Like Boston, the Rangers essentially will return the same lineup. Don't look for Albert Pujols or Prince Fielder to wind up in Texas just yet. The Rangers don't want to be saddled with a huge inefficient contract, knowing they already have Michael Young and Adrian Beltre pulling down $32 million in 2013 and need a boatload of money to extend the contract of Josh Hamilton. (If extension talks blow up with Hamilton, Fielder may indeed come into the picture.)
Ace C.J. Wilson might be back, but only on a below-market contract. Wilson was gassed by October. He has started the most games in baseball over the past two years, 76, including the postseason, while throwing 479 2/3 innings, much of it in the heat of Texas after spending five years in the bullpen. It has been a rigorous workload running up to free agency at age 31.
Think about this if you want to be spending money on a starting pitcher at age 34 and beyond: Last season there were only six pitchers 34 or older who posted an ERA+ better than 100 over at least 200 innings -- Roy Halladay, Hiroki Kuroda, Tim Hudson, R.A. Dickey, Randy Wolf and Chris Carpenter -- and none of them pitched in the AL.

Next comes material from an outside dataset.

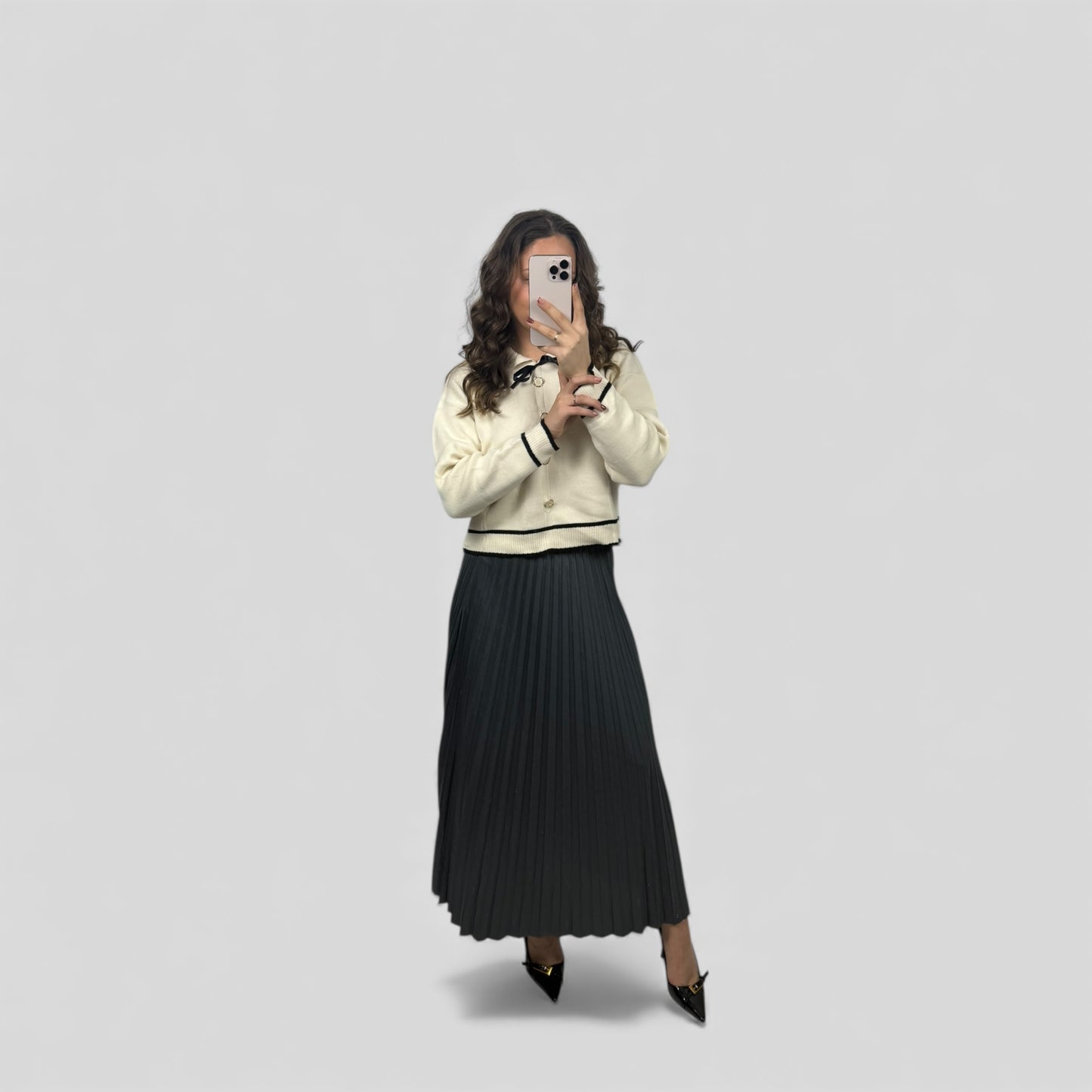 Pleated maxi skirt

What the Rangers can do is put Neftali Feliz and Alexi Ogando in the starting rotation with Matt Harrison, Colby Lewis and Derek Holland, with Scott Feldman as another option. They have ninth inning coverage if they want it with Mike Adams, or they can choose from the buyers' market of closers. Remember, last spring when Feliz worked as a starting pitcher the Rangers put him back in the closer's role because they had no decent alternative (Lowe and Ogando were the unproven candidates). But now they have Adams or they can go find the next J.J. Putz or Kyle Farnsworth -- buying low on a closer who can provide coverage without having to spend huge money (Matt Capps, Francisco Cordero, Joe Nathan, Jon Rauch, Kerry Wood, Jonathan Broxton, etc.)
Feliz's arm is wasted throwing 60-something innings a year, and he's not exactly bulletproof as a closer. Can the Rangers turn up another guy who can save 32 games in 38 chances? You bet. Can they find a starting pitcher who throws in the upper 90s? No. And the fact that Feliz could not take the ball in the 10th for whatever reason -- having thrown only 22 pitches -- at the age of 23 and needing three outs to win the World Series is an indictment of how he is used.
Texas has plenty of reasons why it should be optimistic about another postseason appearance in 2012. Until baseball realigns -- most likely in 2013 with two 15-team leagues -- the Rangers still benefit from playing in the AL West, the only four-team division in baseball, thus giving them a 25 percent chance of making the postseason. So they have simple math on their side. They also still have plenty of impact players in their prime years, so age should not be a factor. Then there is the increased revenues they will have from another pennant winning season that will take the payroll back over $100 million for the first time since 2003.
But don't discount the psychic weight of the historic loss. The Rangers are the oldest current franchise never to have won the World Series, a drought that enters year 52 next season. Until now, their futility included almost no angst whatsoever. They were cursed by irrelevance if anything. But with Game 6 they have earned an infamy. Next season will be their first playing with ghosts. In a way, they became a true franchise by having paid such dues. Now what defines them is not what happened in Game 6, but what happens after it.